You should hear about how the fellas explain your success, old man, Ball started to say, but kept his peace. The reason that Chester Himes and Jake Brashford, and the others like them who risked their necks by trying to assert as large a range as their contemporaries, to break barriers, didn’t get as far as some of the others, is because they were abrasive, went around with a chip on their shoulders. They were confrontational. Confrontation was passé. This was the eighties.

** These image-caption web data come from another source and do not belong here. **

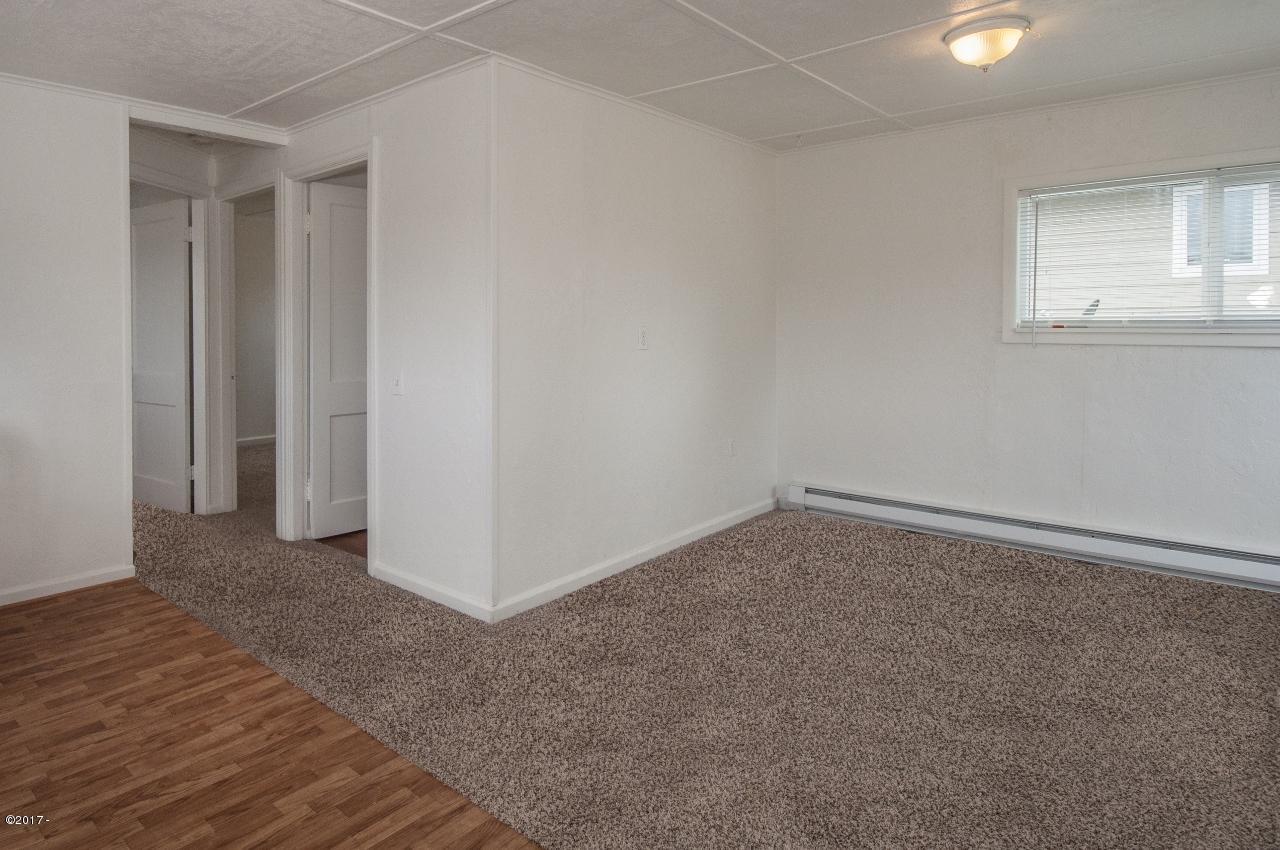 20 Graham Street Depoe Bay, OR 97341 - Photo 21 of 42 Unit 5 - View 4 (1280x850)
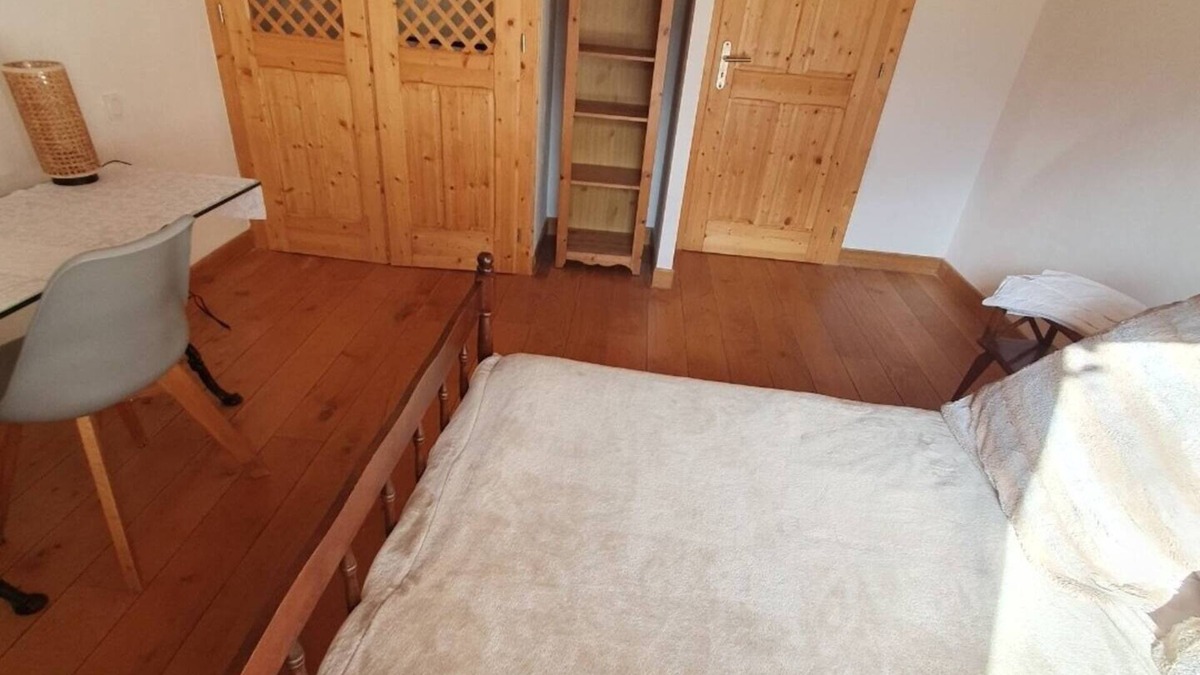 Neydens Bed & Breakfast | Quiet break Spacious room for rent in Neydens, near Geneva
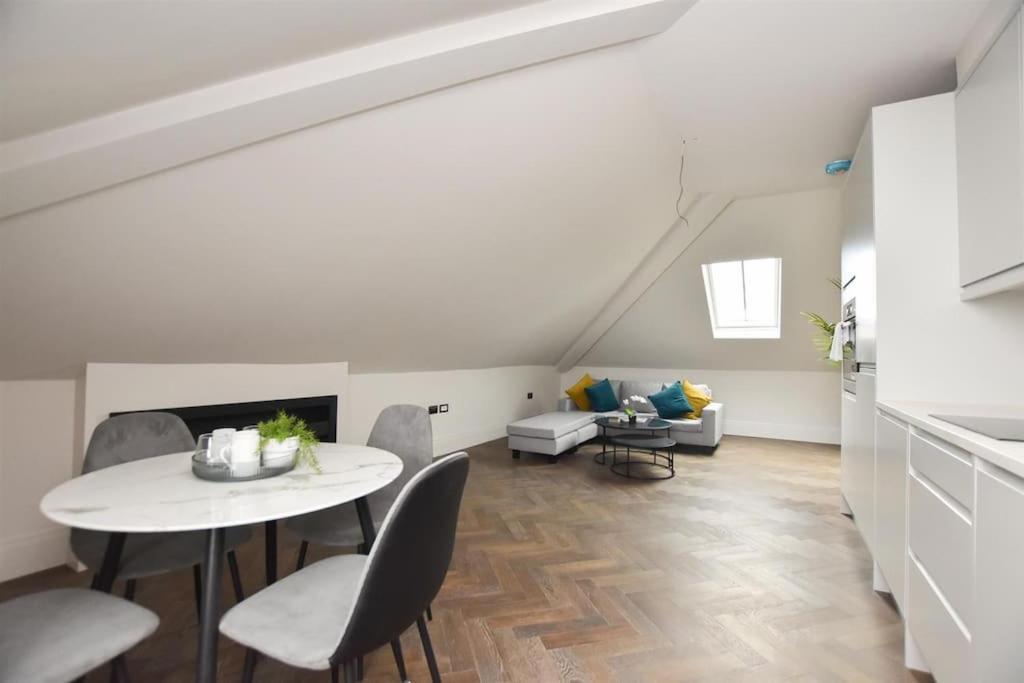 Vive Sea View Getaway Apartment Hastings Exterior photo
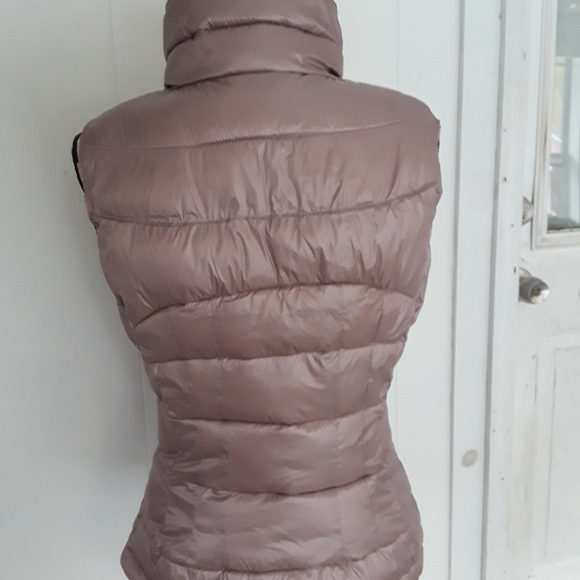 Calvin Klein Pink Rose Gold Puffer Vest Size XS - Picture 7 of 10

“What’s wrong with you?” Brashford continued. “It’s these white women who are carrying on the attack against black men today, because they struck a deal with white men who run the country. You give us women the jobs, the opportunities, and we’ll take the heat off of you and put it on Mose, is the deal they struck. They have maneuvered these white boys who run the country, but they have to keep the persecution thing up in order to win new followers, and so they jump on po’ Mose. They get Tremonisha and Johnnie Kranshaw to be their proxies in this attack. Sort of like the rich used to hire poor people to fight their wars. As for these Jewish women who are putting a hurtin’ on black dudes in print — they know they can’t change Abraham, Isaac, and Jacob, so they’re rehearsing on us, and backing these literary sleep-in maids who are coming down on the brothers in a foul and horrendous manner. Now I don’t approve of violence, but I can’t help secretly applauding what that crazy dude did to Tremonisha.” Ian looked at the wall above the Queen Anne sofa that Brashford sat on. There were framed portraits of Eugene O’Neill, and playbills from performances of O’Neill’s plays. Jason Robards and Colleen Dewhurst dressed as O’Neill characters. Stills of scenes from The Iceman Cometh.